This year the standard deduction is $6,300 for most single filers and $12,600 for most married couples. Ryan’s plan would double these amounts and Trump’s would raise them to $15,000 for singles and $30,000 for couples.
Beyond these common goals, details in the proposals differ. In general, Trump’s plan would cap itemized deductions at $100,000 for singles and $200,000 for couples. Ryan’s and Camp’s plans would eliminate all itemized deductions other than ones for charitable gifts and mortgage interest, and Camp’s would impose new limits on the remaining two.
Whether tax changes take effect in 2017 or 2018 is unclear and depends in part on how fast lawmakers act. But here are moves to consider.
Charitable donations: Because tax benefits for charitable donations could get a haircut or a whack next year, tax advisers are telling donors to think about speeding up tax-deductible gifts—especially major ones—to maximize these breaks.
Remember two tax-smart techniques. "Donor-advised" funds allow givers to take deductions this year, invest the donation, and then make grants to charities from the fund as desired over time. These mini-foundations have grown in popularity and now have nearly $80 billion in total assets, compared with $34 billion five years ago, according to data from the National Philanthropic Trust.
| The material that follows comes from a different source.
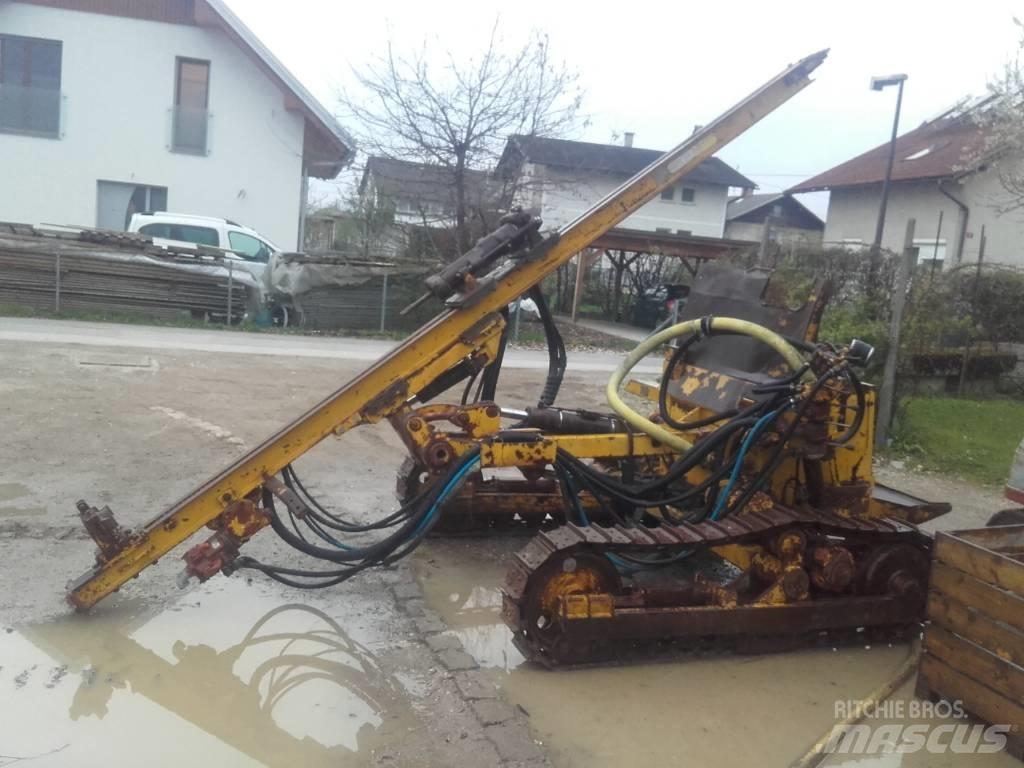 Atlas Copco ROC 301 Povrchové vrtací stroje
In addition, donors often reap valuable tax benefits when they contribute appreciated assets such as stock shares instead of cash to charities, including to donor-advised funds. Often there is no tax on the appreciation and the taxpayer can take a deduction for the asset’s fair-market value.
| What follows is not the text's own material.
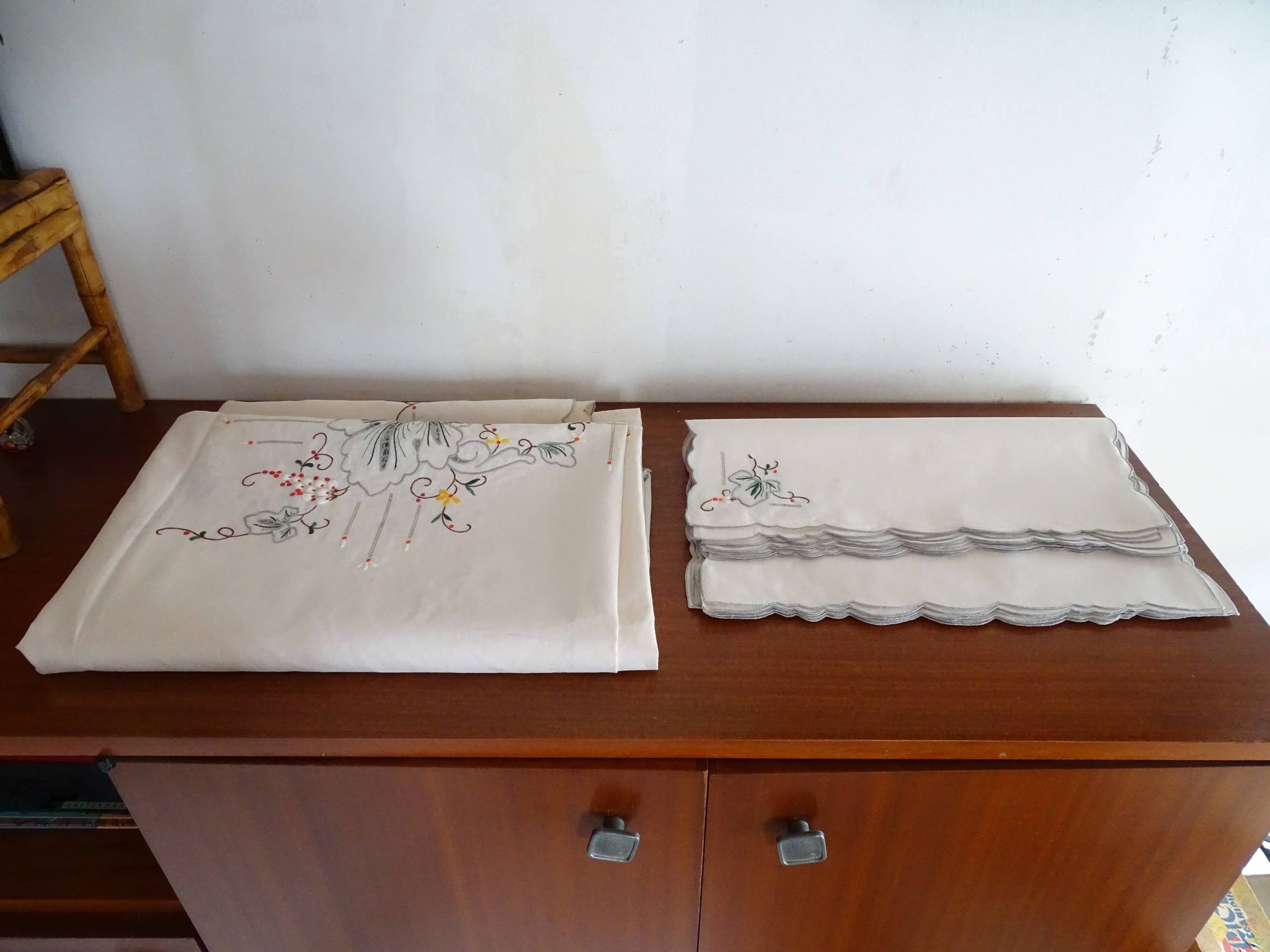 Tablecloth and 12 linen towels embroidery fine colorful flowers 255 x 170 - Old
State and local taxes: The days of this deduction may be coming to an end. Already, about 4 million Americans, many from high-tax states, lose this write-off because they owe the alternative minimum tax, according to the Tax Policy Center in Washington. And people who get this break tend to live in high-tax “blue” states such as California, New York, New Jersey and Massachusetts.
For taxpayers who do benefit from this deduction, it could make sense to pay 2016’s remaining balances before year-end, says Jeffrey Porter, a certified public accountant who practices in Huntington, W.Va.
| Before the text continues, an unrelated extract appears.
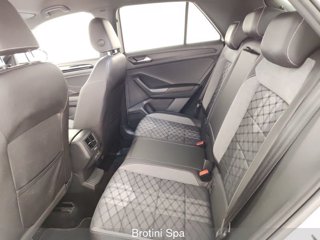 VOLKSWAGEN T-Roc 1.0 TSI R-Line 9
Mortgage interest: Real estate advocates are powerful, but the value of this deduction dropped in recent decades and may be in for further shrinkage if taxes change next year. So don’t buy a first or second home if you need the current law’s benefits to afford it, says Mr. Porter.
And don’t rush to prepay next year’s mortgage, he adds, as taxpayers can’t take deductions for prepaid interest expenses.